A special issue of Sensors (ISSN 1424-8220). This special issue belongs to the section "Sensor Networks".

Deadline for manuscript submissions: 20 June 2025 | Viewed by 763

Special Issue Editor

Department of Physiology, School of Medicine, Pusan National University, Yangsan, Republic of Korea
Interests: reinforcement learning; spiking neural networks; information processing; large-language model
Special Issues, Collections and Topics in MDPI journals

Special Issue Information

Dear Colleagues,

This Special Issue aims to explore the integration of advanced intelligent systems, specifically reinforcement learning (RL), into the realm of sensor technology. RL has demonstrated powerful potential for optimizing sensor behavior, enhancing adaptability, and enabling decision-making capabilities in dynamic environments.
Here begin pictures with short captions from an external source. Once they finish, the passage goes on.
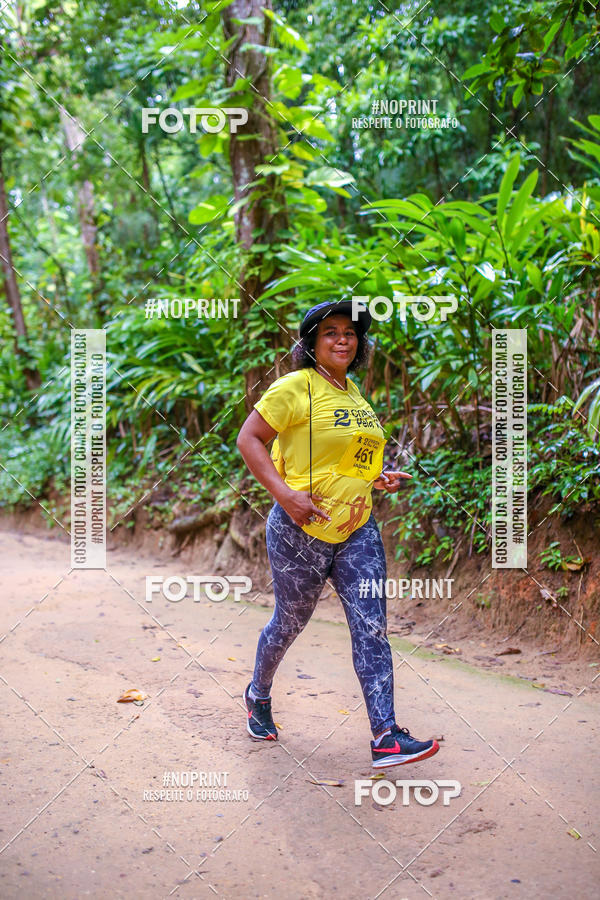 Buy your photos of the event2 CORRIDA PELA VIDA on Fotop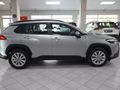 2022 Toyota Corolla Cross 1.8 XS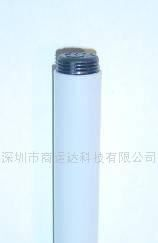 供应湿度传感器HM1500LF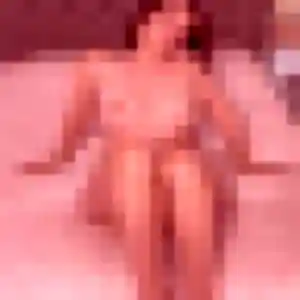 Photo de Xaviere à Onnaing (42 ans) - rencontre sexy anonyme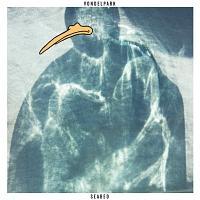 �V�[�x�b�h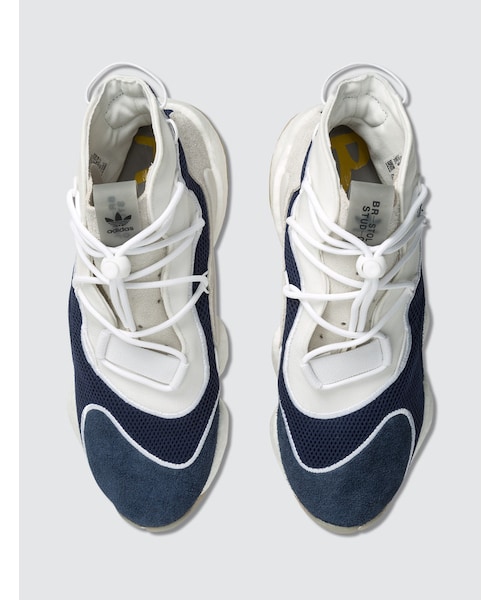 bristol studio x adidas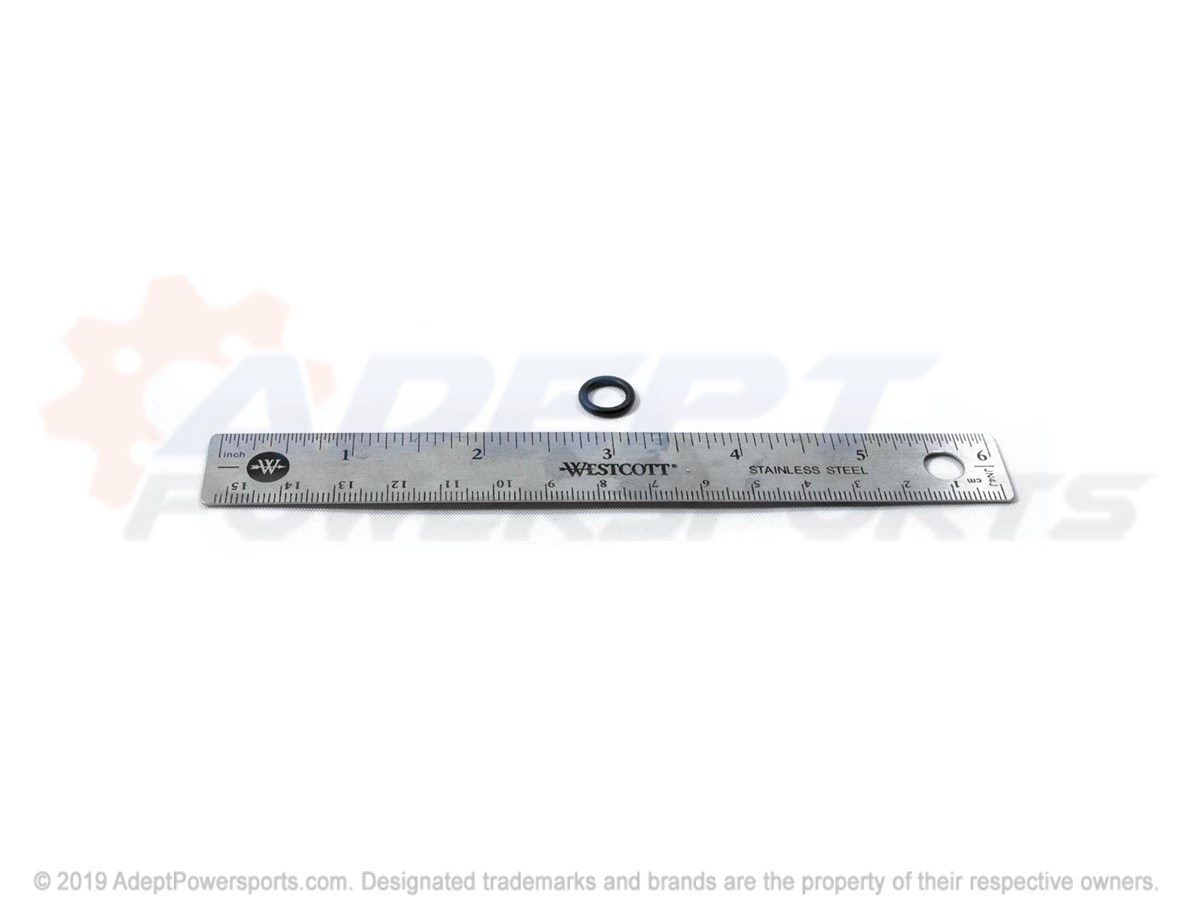 Polaris 3089899 O-Ring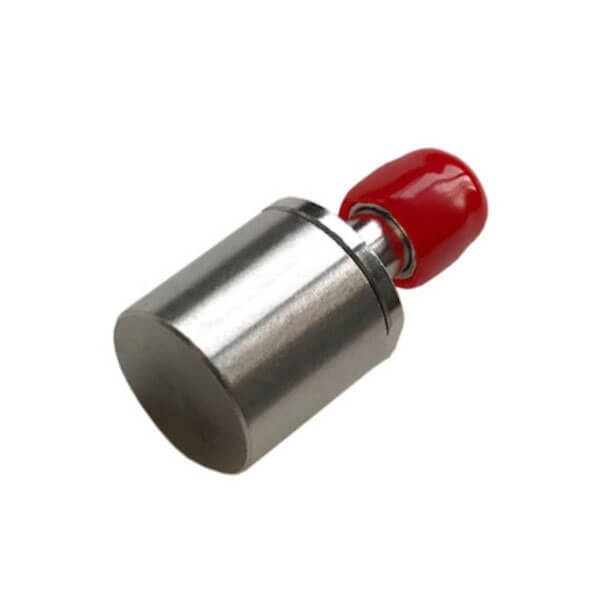 sma-terminal-jack-straight-connector(3) sma 母头负载连接器 直式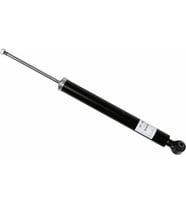 MAYSAN PN7212502-AMORTİSÖR ARKA-436 388-CORSA D GENEL OPEL (Standart)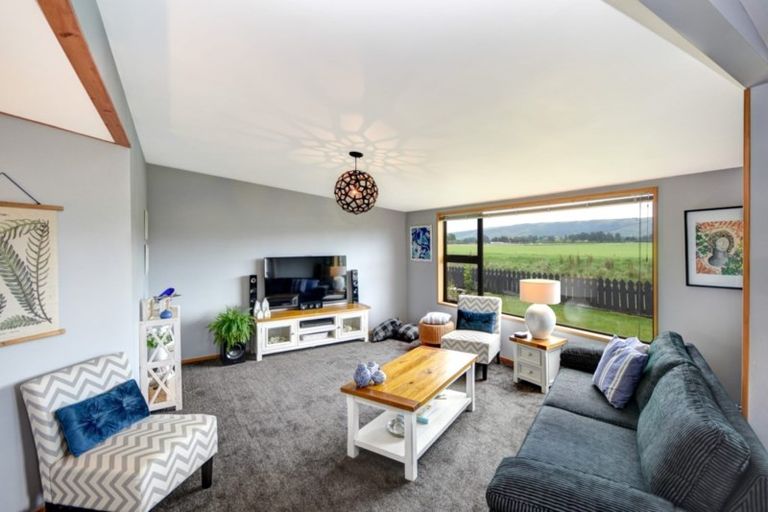 Photo of property in 4a Eden Street, Mosgiel, 9024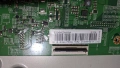 SAMSUNG UE32H6400AW-BN41-02156A-BN44-00707A, снимка 7
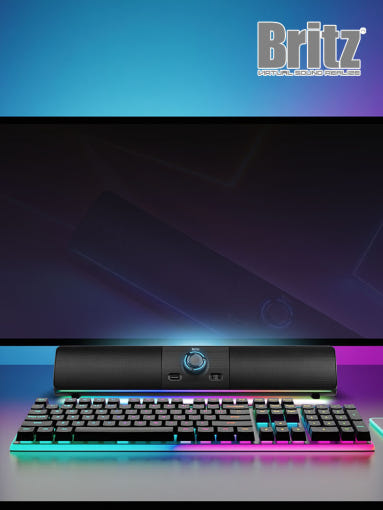 thumbnail-8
The proposed Special Issue will cover the following topics:

  • Application of RL in sensor networks for improved data collection and fusion.
  • Intelligent optimization and control of multi-sensor systems.
  • Use of RL to enhance sensing capabilities in IoT environments.
  • AI-enabled sensors with a focus on learning-based adaptation.
  • Reinforcement learning for efficient energy management in sensor systems.
  • Human–computer Interaction in RL-based smart sensor systems.
  • Intelligent navigation and positioning through sensor data fusion.
  • Neuromorphic chips for advanced sensing and decision-making.
  • Energy-efficient systems for autonomous sensing applications.
  • Spiking neural networks in intelligent sensor networks.
  • Machine learning approaches for adaptive sensor networks.
  • Embedded AI in real-time sensor applications.
  • Cognitive sensors for enhanced environment interaction. 
  • Bio-inspired sensing for autonomous systems.
  • Neural processing units for efficient data analysis in sensor systems.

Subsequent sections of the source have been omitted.